El sistema de voces de la novela está al servicio de esa intención. Un narrador fundamental, Nakdimón (el Nicodemo del Evangelio de Juan 3, 1-21) –un doctor de la ley que procura discernir si Jesús es o no un falso profeta– sirve de puente para dar a conocer, en una serie de “fugas” en sentido musical, otras voces que van desde la fe más intensa hasta la descreencia lisa y llana, pasando por una visión “política” del fenómeno que origina Jesús. Cierto que la novela no duda en enfrentar al lector y a sus personajes con cuestiones espinosas: la inescrutable Voluntad del Padre, el concepto de culpa, la necesidad de la Redención, el por qué del sufrimiento, el papel de los intermediarios entre Dios y los hombres. No será difícil atisbar la sombra de Dostoievsky en lo que atañe al Padre y a la existencia del Bien y del Mal, pero hay presencias más explícitas que anulan los tiempos y refuerzan la idea de la universalidad de la revelación: el atribulado Jesús de la pasión se verá, en pesadillas, muerto como en el cuadro de Hans Holbein que lo muestra recién descendido de la Cruz, o contemplará la escena de El Proceso de Kafka en que Joseph K. escucha la parábola que se conoce como “Ante la Ley”. El relato kafkiano da pie a una reflexión que está en el núcleo ideológico de la novela y de su título: la sustitución de la Puerta de la Ley por la Puerta de la Misericordia, siempre abierta para los que saben escuchar el llamado.

Un escritor desmesurado

Como un sismógrafo, Tomás tuvo la cualidad de descubrir puntos neurálgicos y revulsivos de la vida social. Luego de la desmesura de La Puerta… se sumergió en otro proyecto que tocaba asuntos de prolongada vigencia: El hombre de marzo, esas mil doscientas páginas que convierten en “hombre de carne y hueso” a José Pedro Varela, una de las figuras de bronce del santuario uruguayo. Al reconstruir con inteligencia y minucia el contexto preciso de la actuación de Varela, Tomás buceaba en las contradicciones del momento en que se formula un proyecto de república basada en la democracia y la educación. La novela muestra los dilemas a los que se enfrentó Varela, y encarna a una serie de personajes que para muchos no eran más que nombres del nomenclátor urbano, para convertirlos en seres complejos y vivientes, enfrentados al torbellino de la historia.

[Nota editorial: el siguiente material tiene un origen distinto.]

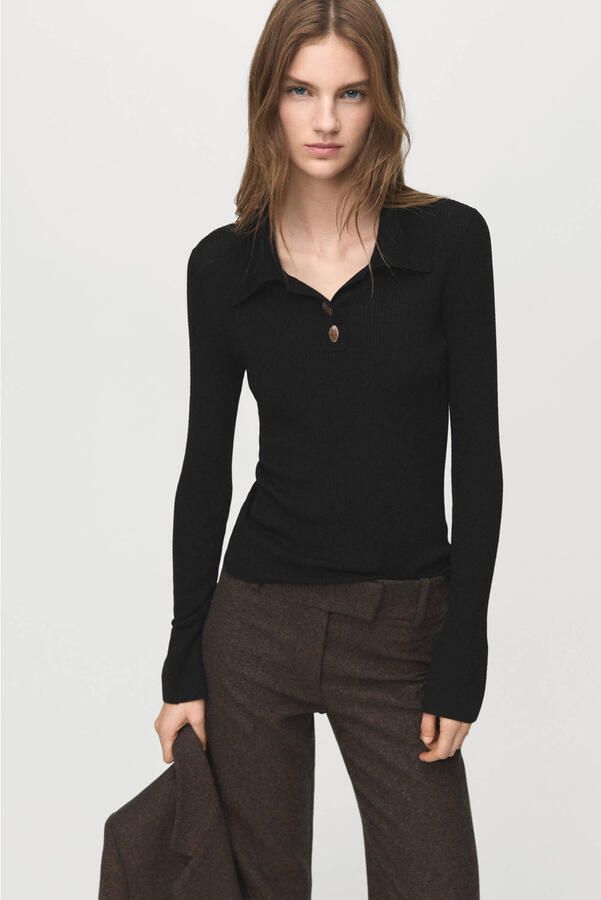 Mango pullover zwart
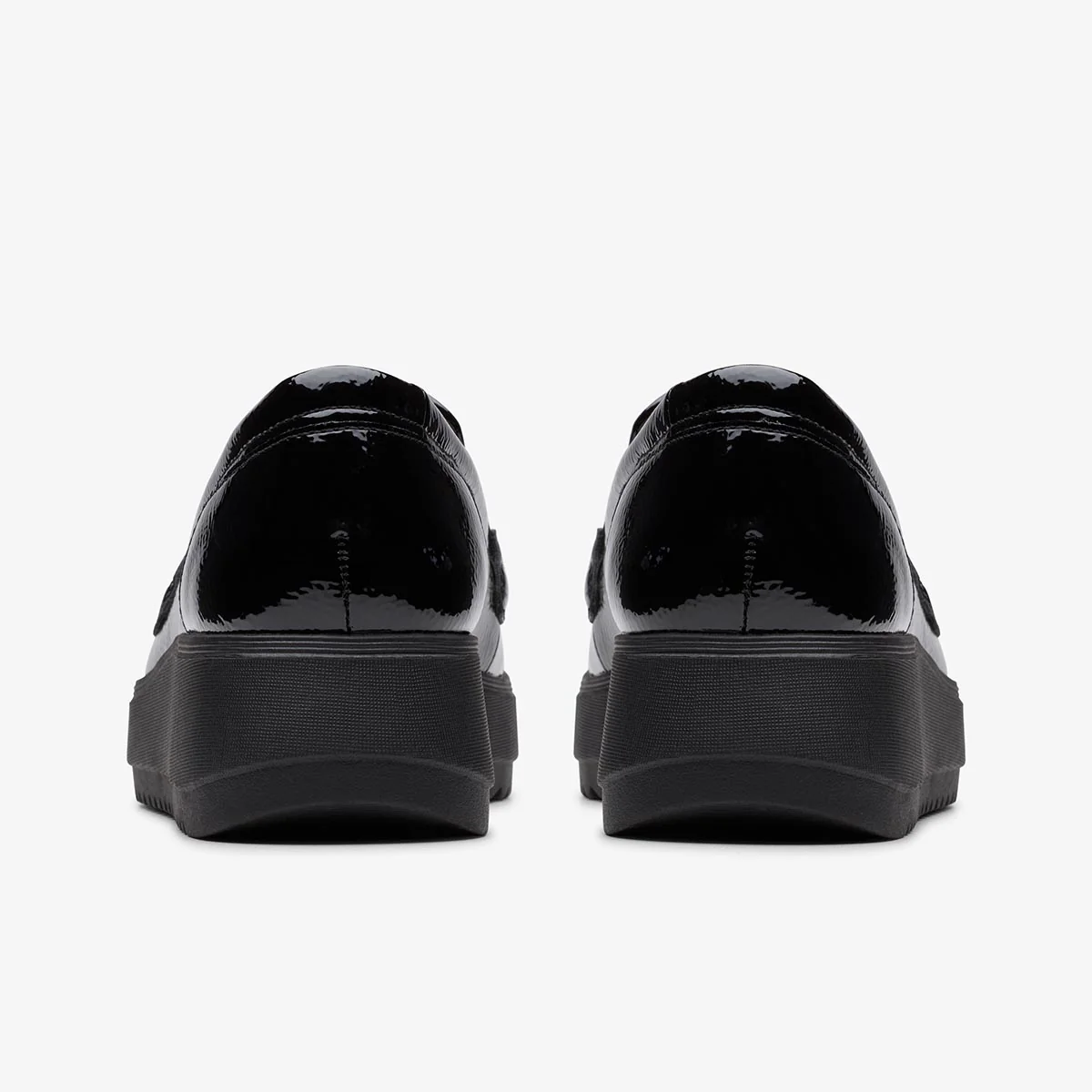 Clarks Zylah Top Women's Loafers in Black Patent - Image 3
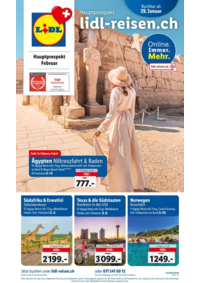 Prospectus Lidl Flüelen : Februar - Reise-Highlights - DE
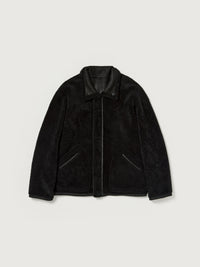 AURALEE 26AW MERINO MOUTON ZIP BLOUSON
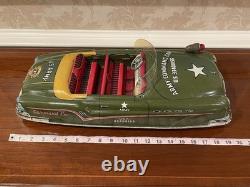 1950's Vintage Tin / Pressed Steel US Army Command Car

Tal vez para “ablandar la mano” o para recuperar lectores abrumados por las dimensiones de sus últimas novelas, publicó en 2015 Don Candinho o las doce orejas, la historia de una venganza ocurrida en la frontera con Brasil. Y llegó a terminar un libro de cuentos de próxima aparición.  Pero tenía otros proyectos: una novela sobre Flores y Berro, otra sobre Artigas, que ya no podremos leer.

En tiempos de literatura light, de juegos de ingenio, Tomás vivió su vocación literaria como una responsabilidad moral, en la convicción de que la literatura es un instrumento que ayuda a comprender el sentido del mundo. Sus libros, intemporales, porque están más allá de la moda, y a la vez actualísimos por la lúcida conciencia sobre los problemas de nuestro tiempo, van a sobrevivirlo y a sobrevivirnos, estoy segura. Seguirán interpelando a los lectores con sus preguntas y cumpliendo con la mejor tradición de la novela, según esa definición que hiciera Milan Kundera: “la razón de ser de la novela es la de mantener el mundo de la vida permanentemente iluminado y la de protegernos de olvido”.